[libcxx] Why the type of (w)cin/(w)cout/(w)cout are char []?

Hello all,

I am porting libcxx to Windows (not mingw). I am curious about the design of (w)cin/(w)cout/(w)cout. Currently we define (w)cin/(w)cout/(w)cout as char[] under src/iostream.cpp and initialise them as istream/ostream in function ios_base::Init::Init(). Why don’t we defined them as istream/ostream object directly? The drawback of current design in my mind is that cause linking error under Windows.
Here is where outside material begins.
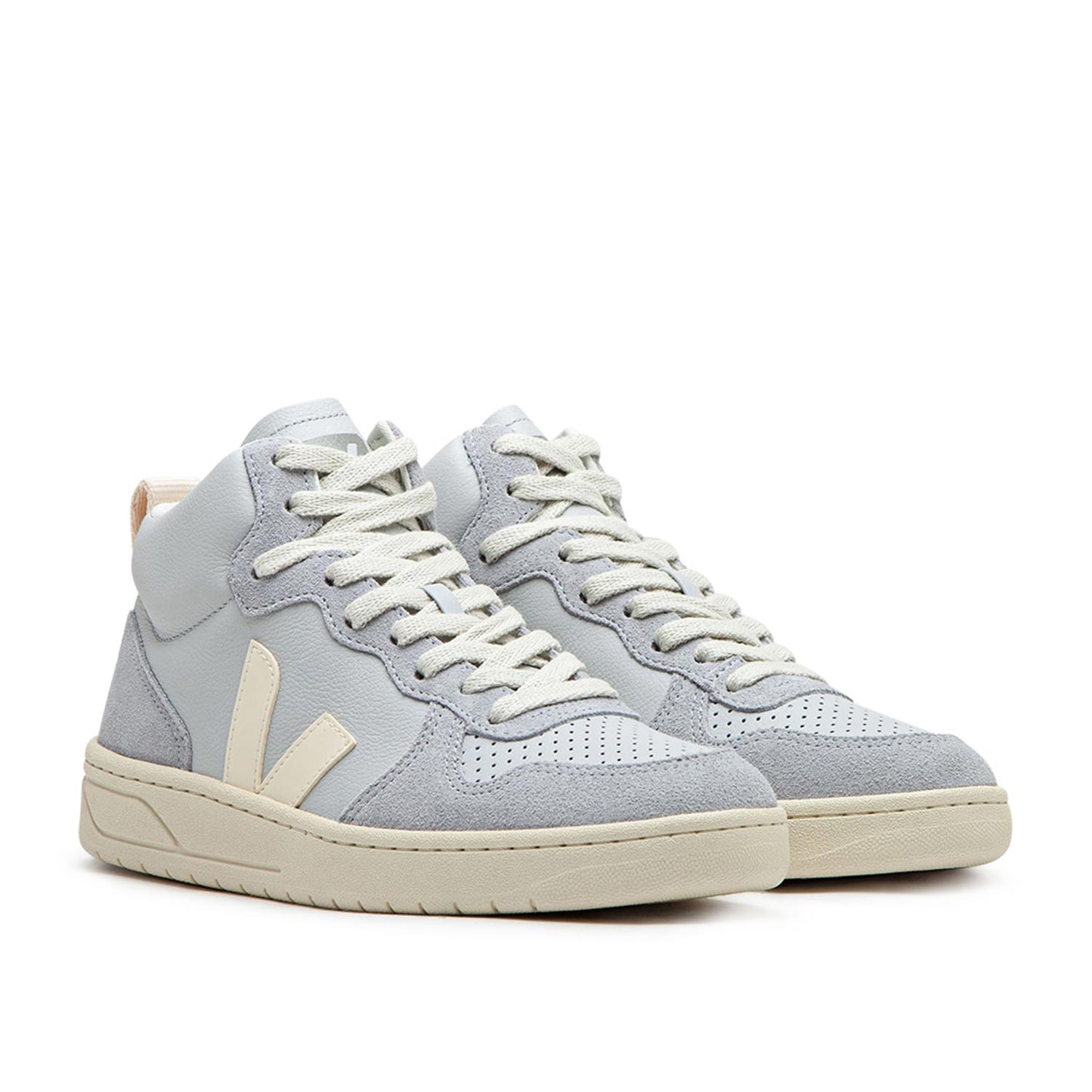 Veja WMNS V-15 Leather (Grau / Creme)  - Allike Store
Windows mangler takes data type into account. Reference of std::cin would be translated into ?cin@__1@std@@3V?$basic_istream@DU?$char_traits@D@__1@std@@@12@A (class std::__1::basic_istream<char,struct std::__1::char_traits > std::__1::cin). Definition of std::cin, in contrast, would be translated into ?cin@__1@std@@3PADA (char * std::__1::cin). There is a linking error because two symbols are different.

Any suggestion or comment is appreciated,
Yi-Hong

Hello all,

I am porting libcxx to Windows (not mingw). I am curious about the
design of (w)cin/(w)cout/(w)cout. Currently we define
(w)cin/(w)cout/(w)cout as char under src/iostream.cpp and initialise
them as istream/ostream in function ios_base::Init::Init(). Why don't we
defined them as istream/ostream object directly?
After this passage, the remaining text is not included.